Il ne voulait pas montrer ses mains. L’instituteur était fâché.

  • Manuel !

Manuel cachait ses mains derrière son dos. Les autres enfants attendaient, sans solidarité, avides. Annie eût l’audace d’intervenir.

  • Il met toujours des gants, Monsieur.

L’instituteur ne broncha pas.

  • Allez, petit.

Benoît ajouta un élément au chef d’accusation.

  • C’est pour y cacher ce qu’il vole.

Manuel le fusilla d’un regard noir.

  • Menteur, j’suis pas un voleur.

Tous les enfants étaient à présent tournés vers le fond de la classe comme des petits tournesols en manque de chaleur. La table de Manuel était à la dernière rangée. Il ne la partageait avec personne. Personne n’avait voulu s’assoir à ses côtés. Parce qu’il portait des gants ? Non, c’est pas ça, Monsieur. C’est pour rien, c’est juste comme ça. On n’a pas envie c’est tout !

L’instituteur était très grand. C’était un instituteur sévère. Tous les jours quelqu’un était puni. Ça se passait presque toujours après la récréation de midi. Aujourd’hui, c’était Manuel. C’était la première fois.

  • Manuel, dernière fois !
  • Il ne voudra pas, Monsieur. On lui a déjà demandé.

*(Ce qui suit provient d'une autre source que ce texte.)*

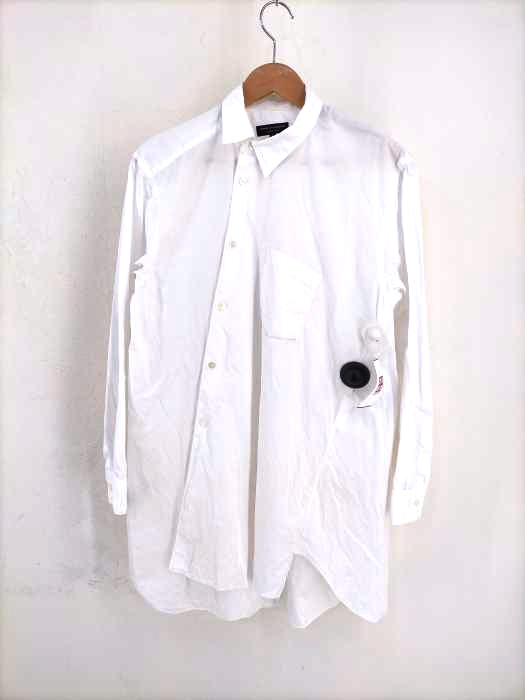 COMME des GARCONS HOMME PLUS(コムデギャルソンオムプリュス) AD2018 18AW white shock期 捻れシャツ メンズ JPN：S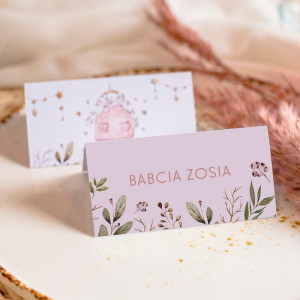 WINIETKA personalizowana dekoracja stołu Roczek Dziewczynki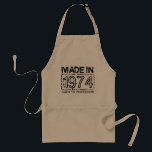 Vintage 1974 aged to perfection apron for men<br><div class="desc">Vintage 1974 aged to perfection apron for men. Cute birthday gift idea for dad,  uncle,  grandpa,  brother,  husband etc. Beige BBQ apron with personalizable age joke. Men's humour with custom date.</div>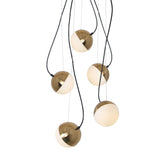 1/3/5 Light Mini Globe Pendant Light Ambient Light DIY Adjustable Black Gold E12 E14 without Bulb - heparts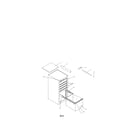 Craftsman 706596022 6 drawer professional side cabinet diagram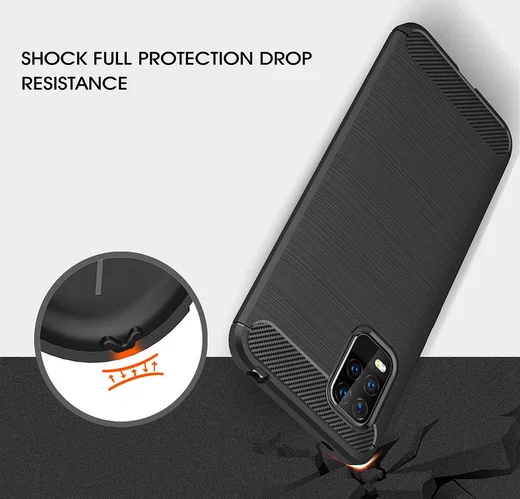 Xiaomi Mi 10 Lite Hoesje Geborsteld TPU Flexibele Back Cover Blauw afbeelding 2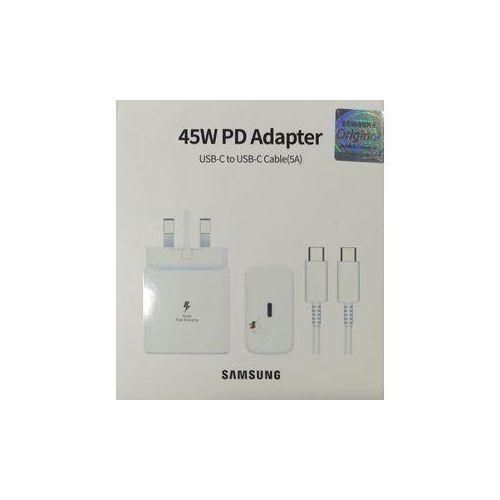 Samsung 45W Fast Charger Adapter - PD 3.0 USB-C for Galaxy A15/A25/S23/Note 20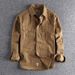 Men's Clothing Workwear Multi Pocket Shirt Jacket Simple Washed Distressed Versatile Long Sleeved Shirt Casual Tops_mkmklike.com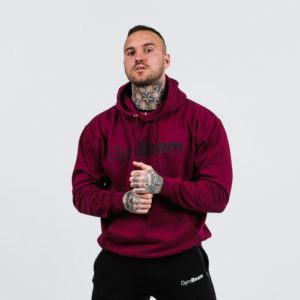 GymBeam Mikina PRO Hoodie Burgundy  S odhadovaná cena: 19.95 EUR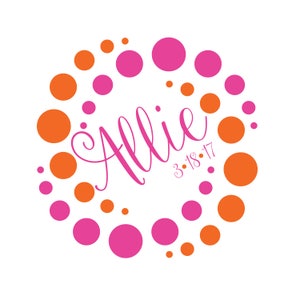 Polka Dot Bat Mitzvah Logo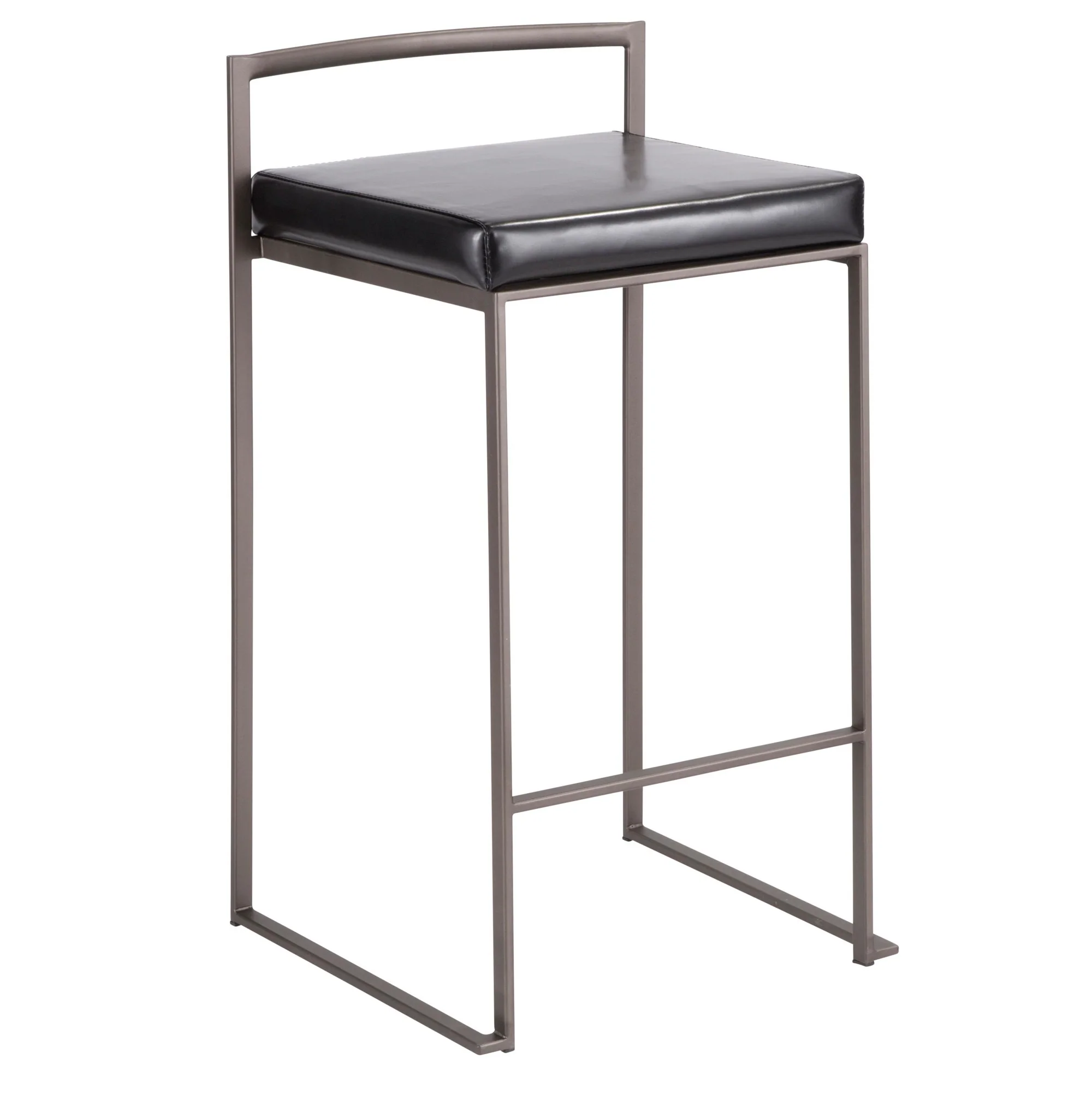 Fuji Stacker 26" Fixed-Height Counter Stool - Set of 3 By LumiSource - B26-FUJIPU ANBK3 - Image 4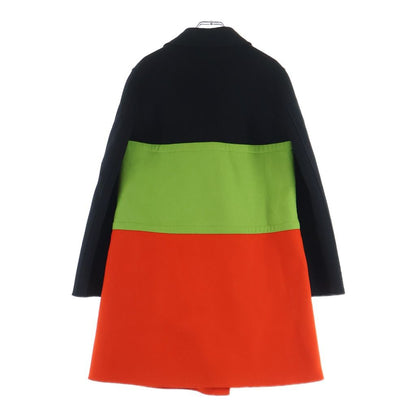 Dior Runway Colourblock Coat Double Breasted Orange Black Green — view 2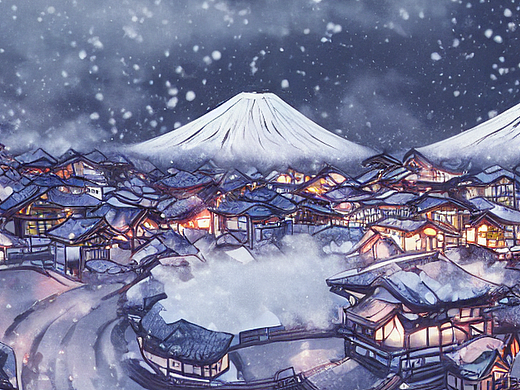 #AI创作实验室#《人间烟火》（个人主页-ZNjI1MzE0NjQ=） - AI作品 - 站酷设计师poetmd原创素材 - 站酷ZCOOL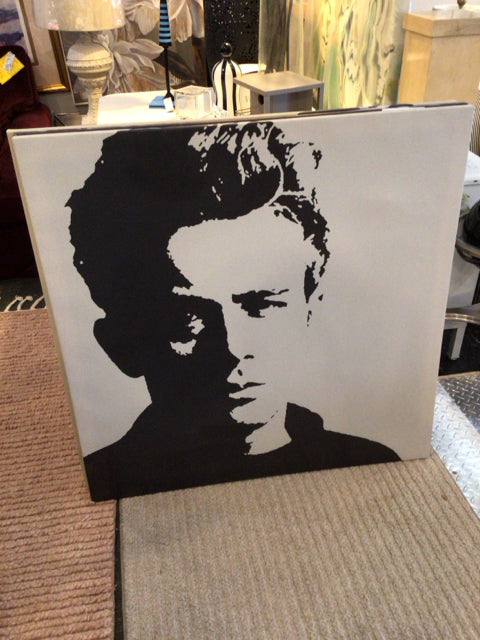 IKEA Black/White Canvas Stretch Canvas Art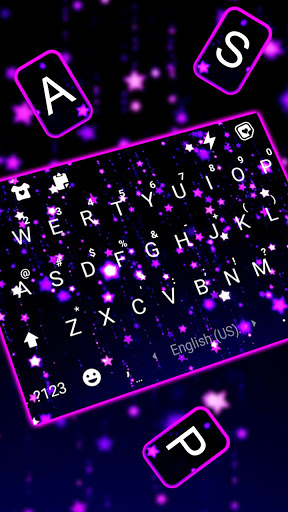 Shiny Stars Keyboard Backgroun Screen 2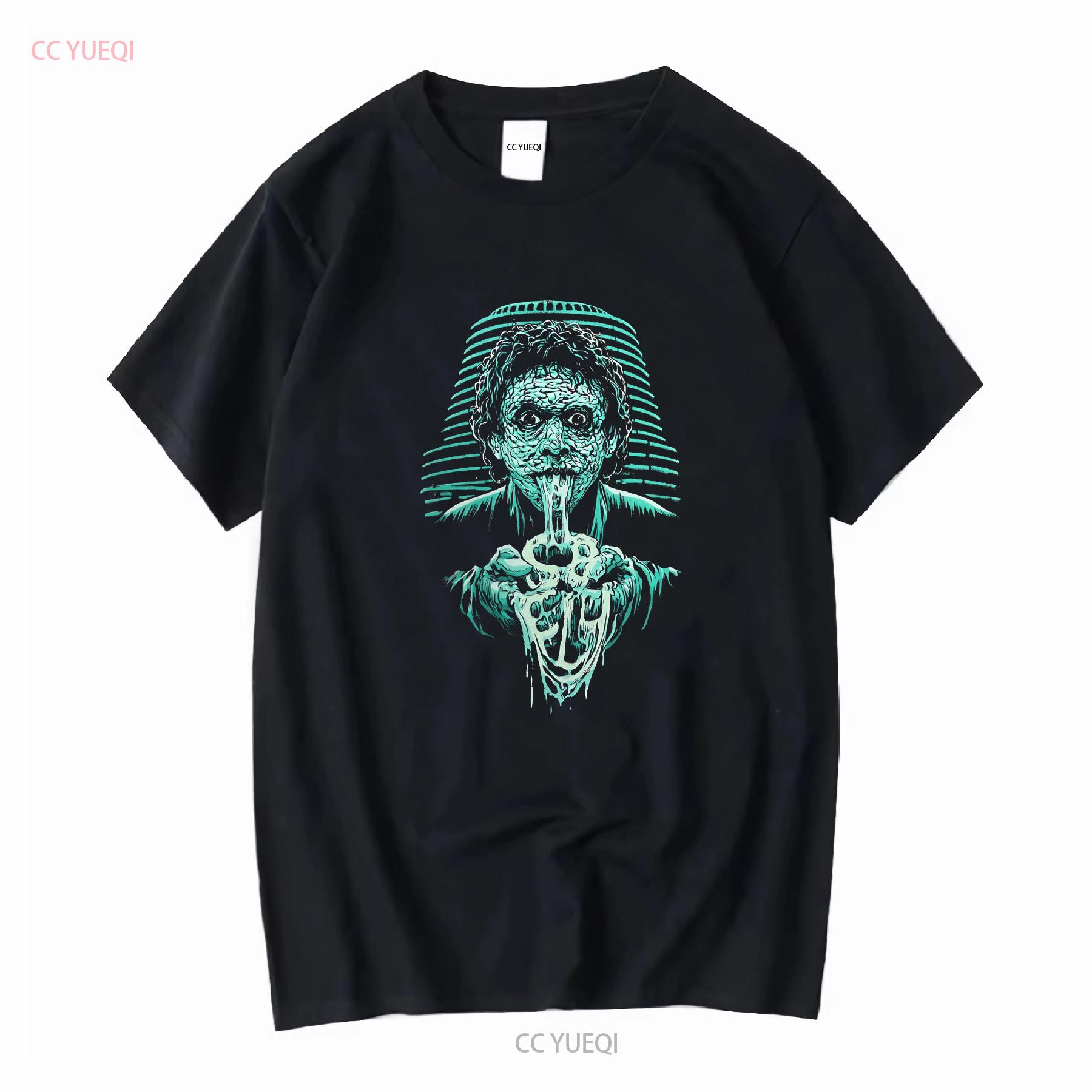 

Loot Fright THE FLY Classic Horror Movie Glow In Dark t shirt 2XL vintage Washed fashion Versatile designer clothes Unisex Soft 4XL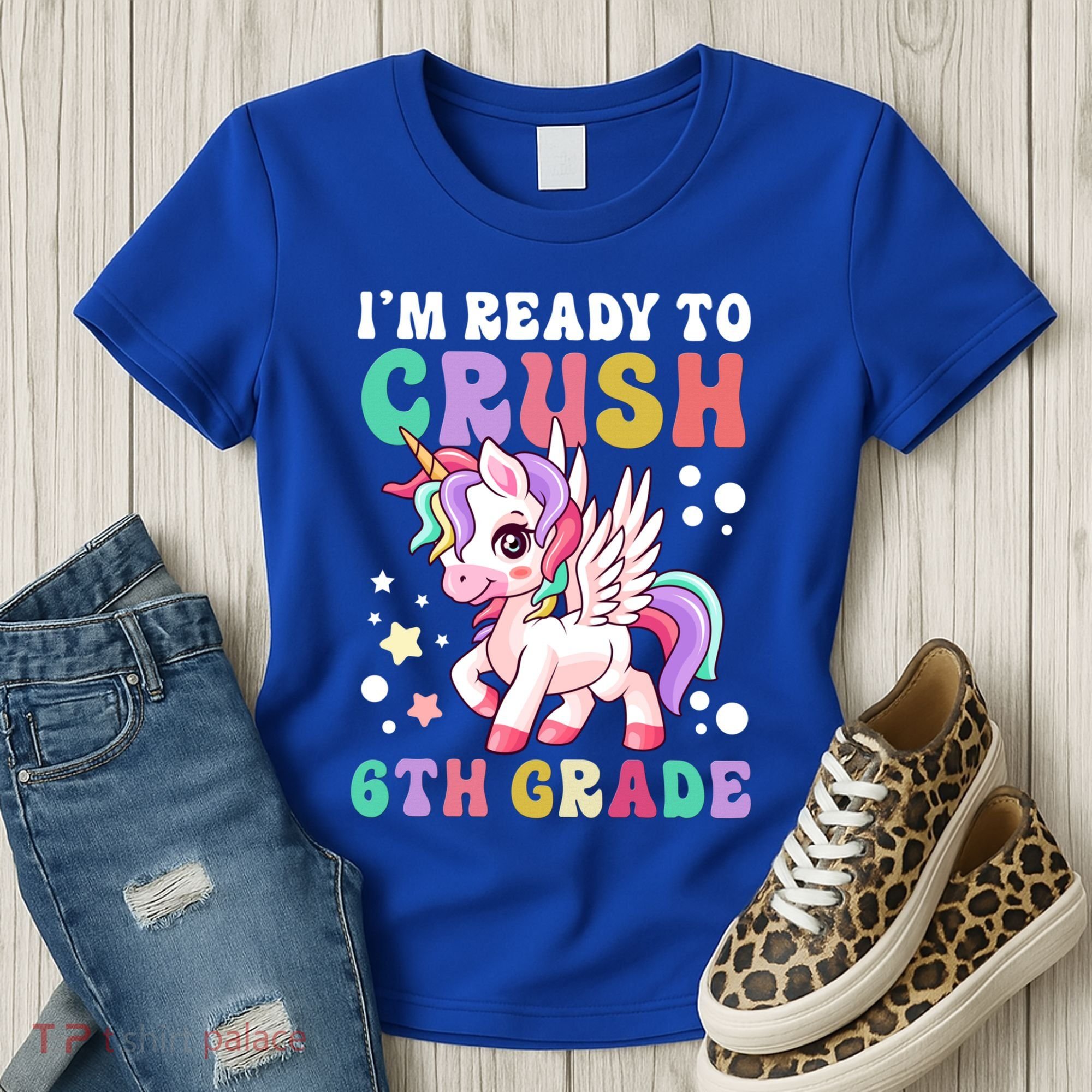 Im Ready To Crush 6Th Grade Cute Unicorn Back To School Gift Women's T-Shirt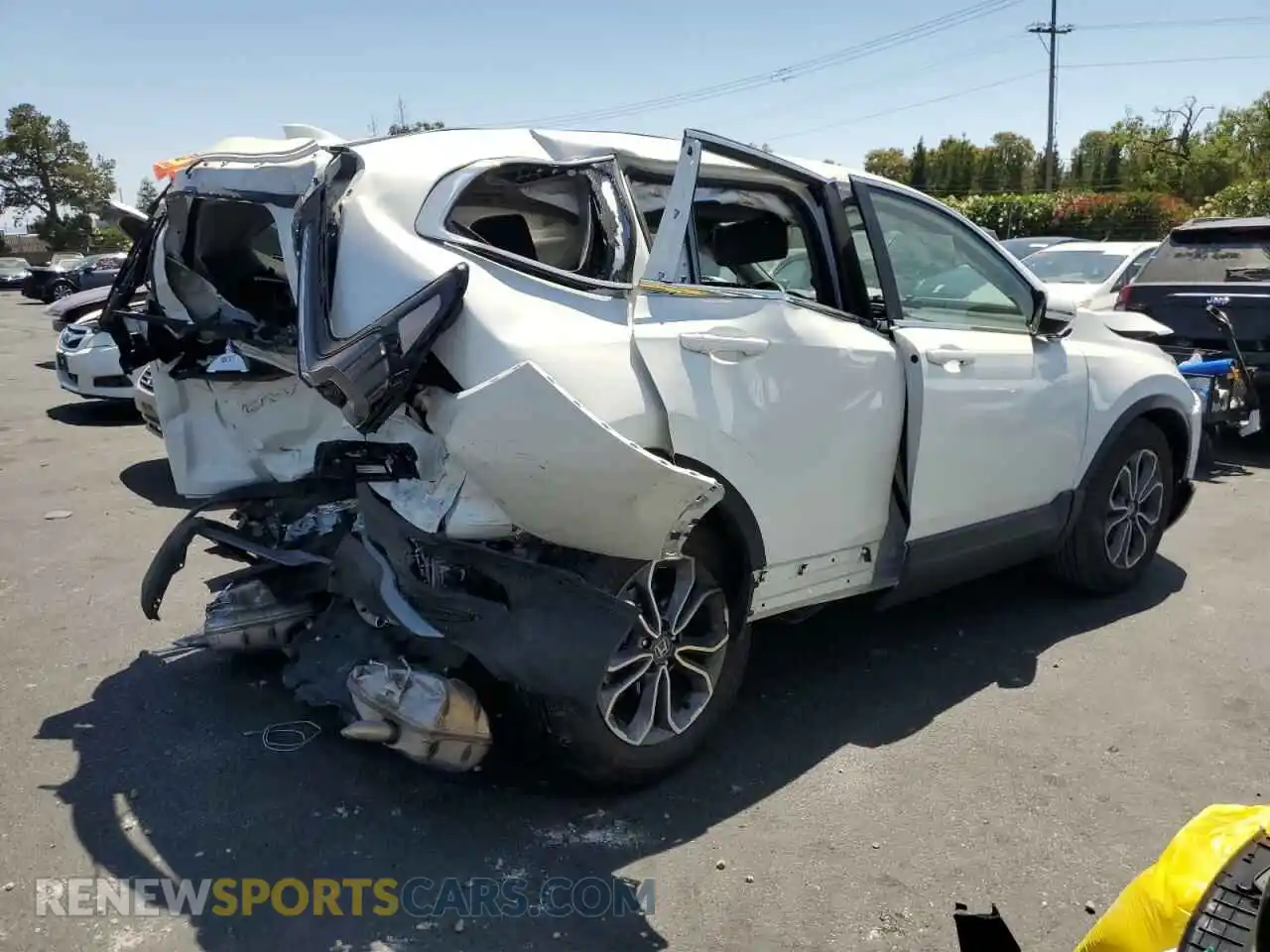 3 Фотография поврежденного автомобиля 2HKRW1H50MH417784 HONDA CRV 2021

Tous acquiesçaient gravement. L’instituteur tendit vers Manuel ses grandes mains pâles et cireuses. Manuel se mit à pleurer.

  • Non, Monsieur, non.

L’instituteur était toujours du côté de Manuel quand il y avait des bagarres. C’est le chouchou, ils disaient.  Manuel était le meilleur de la classe. Chaque fois que Monsieur lui disait « Très bien Manuel », ses yeux brillaient. Manuel avait dit à Annie, un jour où elle avait bien voulu lui parler dans le bus, qu’il préférait Monsieur à son papa. Annie l’avait répété et on n’avait parlé que de ça à la récréation ce jour-là.

L’instituteur attrapa de force les mains de Manuel. Manuel s’arcbouta sur le bureau. Il criait.

  • Allons, Manuel.
  • S’il pleure comme ça, c’est qu’il a vraiment volé quelque chose.
  • Tais-toi Benoît !

L’instituteur se mit à tirer sur un gant. Manuel était effondré. Il hoquetait.

  • Pas ça, Monsieur, pas ça.

Le gant glissait sur sa petite main. La classe s’était figée. Une onde d’effroi parcourut les visages.

Les mains de Manuel étaient entièrement couvertes de poils noirs, aussi épais et durs que sur les pattes d’un animal.

  • Un loup garou, s’est écrié un petit garçon.
  • Taisez-vous ! Tous !

L’instituteur était à présent imposant. Autoritaire. Personne n’osait bouger. Manuel sanglotait, la tête cachée entre les bras sur son bureau.

C’est alors que, très lentement, sous le regard subjugué des enfants, l’instituteur fit glisser le long de son bras une sorte de gant en plastique, parfaite imitation de la peau humaine. Il défia les élèves du regard. Puis il jeta sur Manuel un regard d’une infinie bienveillance. Sous les gants, il y avait deux grandes puissantes mains poilues, noires, animales.

De ce jour-là, ils ne retinrent tous que cela, les yeux de Manuel, encore brillants de larmes, éblouis de reconnaissance.